Police are investigating the cause of the collapse, and some people have been detained, Chang said.

“We will publicize the result of the investigation in due course,” he said.

The initial cave-in of one of the pit’s walls occurred about 1 p.m. Wednesday, burying people and mining trucks in tons of rocks and sand. It was followed about five hours later by the additional landslide, forcing the work suspension.

The official Xinhua News Agency said about 900 rescuers with heavy equipment were on the scene and had resumed the search by Thursday morning.

Chinese President Xi Jinping called for “all-out efforts in search and rescue” and for “ensuring the safety of people’s lives and property and maintaining overall social stability.”
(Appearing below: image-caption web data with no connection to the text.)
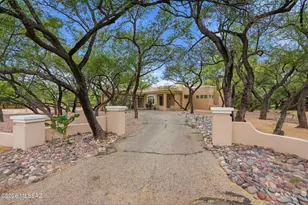 12501 E Gold Dust Dr, Tucson, AZ 85749 - Photo 7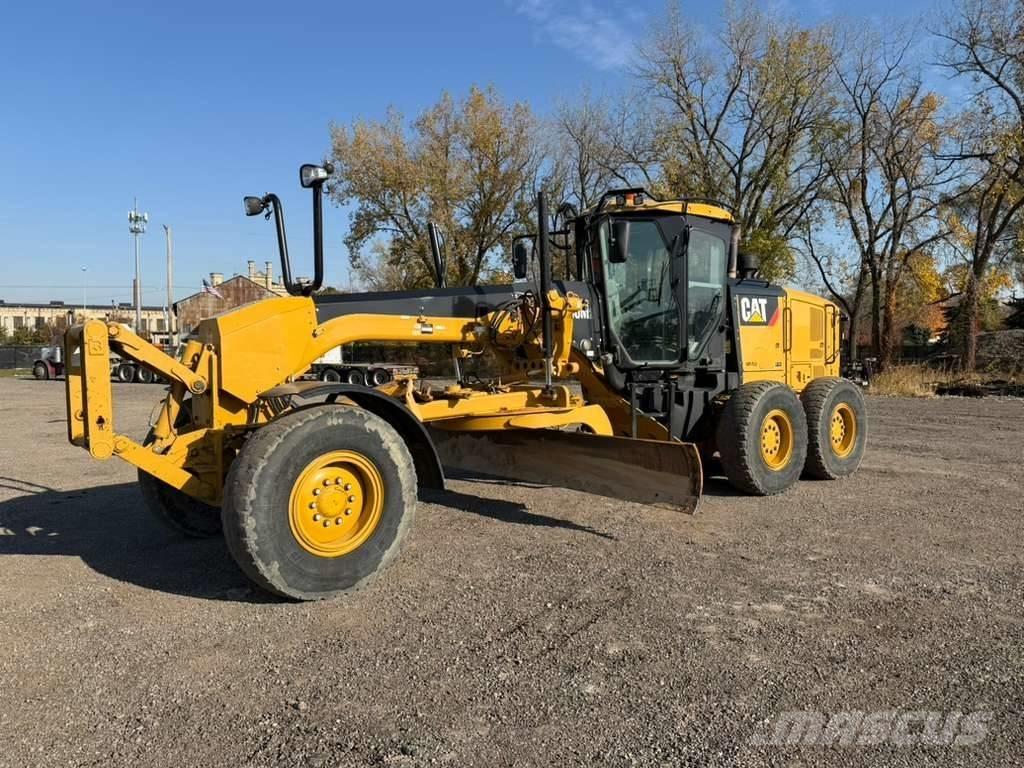 CAT 140 M 2 Grederji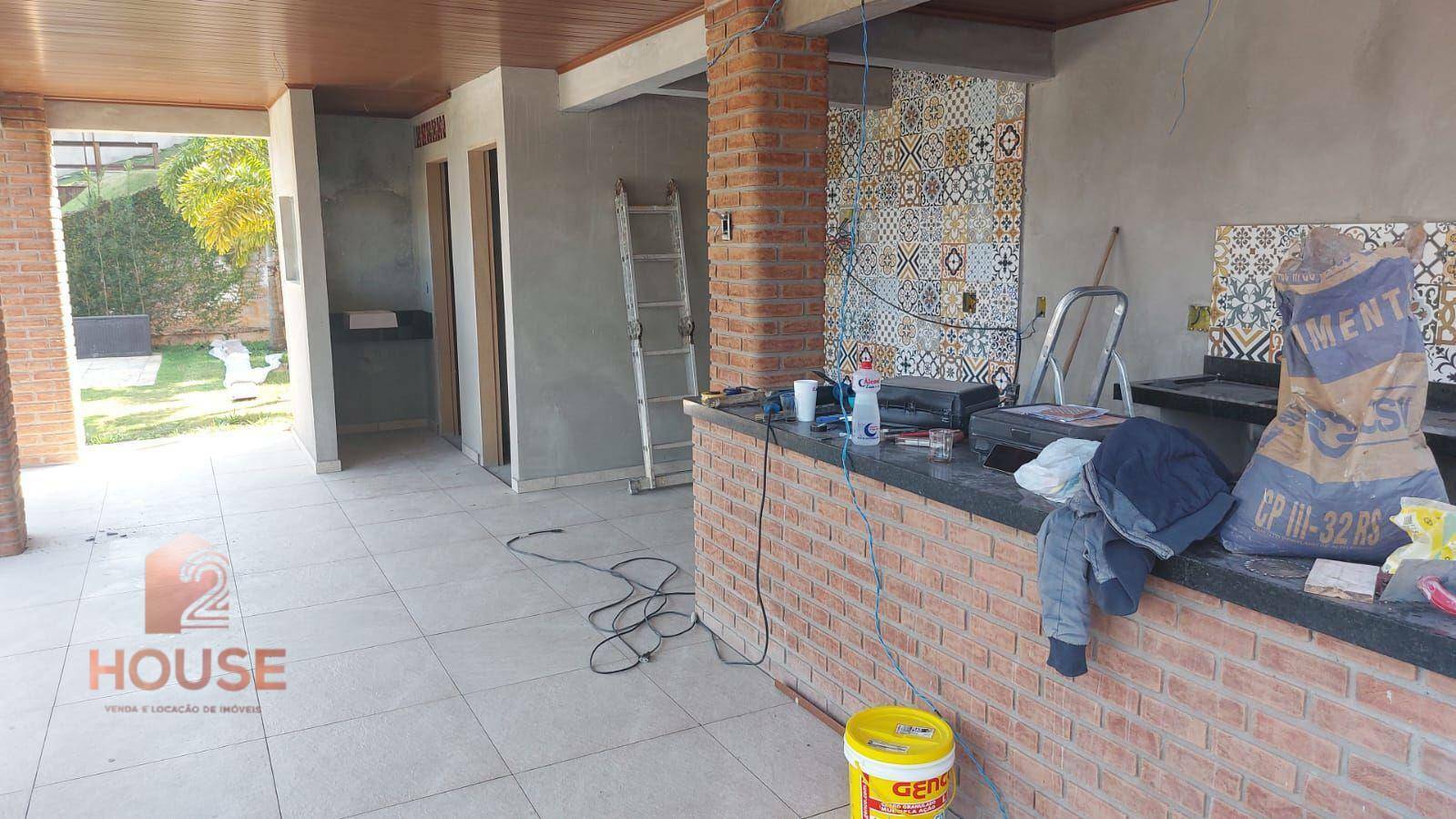 Casa de Condomínio à venda com 4 quartos, 400m² - Foto 11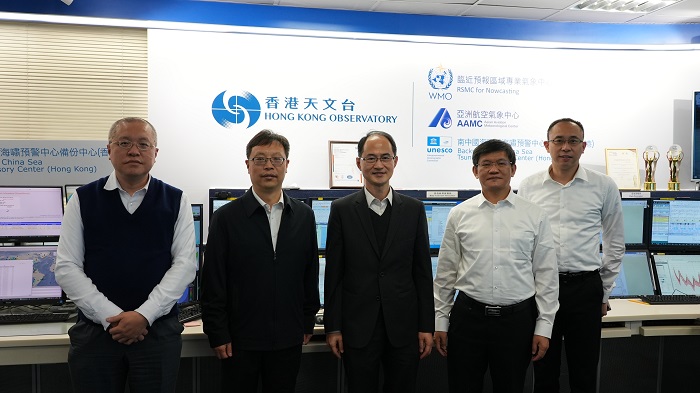 Deputy Administrator of the China Meteorological Administration Zhang Zuqiang visited the Hong Kong Observatory (22 February 2023)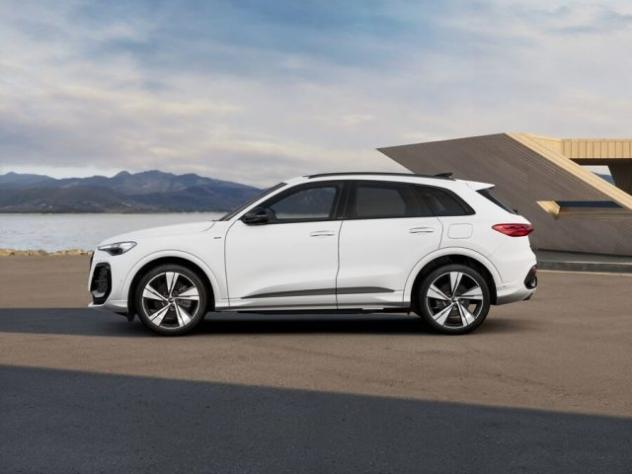 AUDI QUATTRO Audi Q5 SUV S line edition e-hybrid 220 kW S tron rif. 23000281 - Foto 2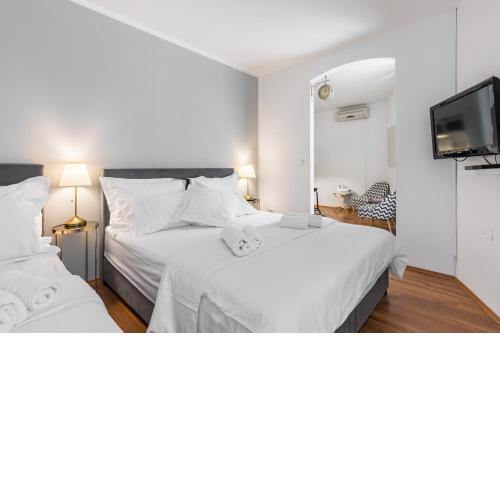Bright & Modern 200m from DIOCLETIAN'S PALACE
Images of the collapse distributed by CCTV showed a massive wall of debris rushing down a slope onto people and vehicles below.

The company running the mine, Inner Mongolia Xinjing Coal Industry, was fined last year for multiple safety violations, including insecure routes into and out of the pit, unsafe storage of volatile materials and lack of training for its safety staff, according to the Paper news website.

Inner Mongolia is a key region for the mining of coal and various minerals and rare earths, which critics say has ravaged the region’s landscape of mountains, grassy steppes and deserts.

The unmarked graves in a forgotten West Virginia burial ground known locally as Little Egypt contain the remains of dozens of coal mine workers who died in a 1912 mine explosion.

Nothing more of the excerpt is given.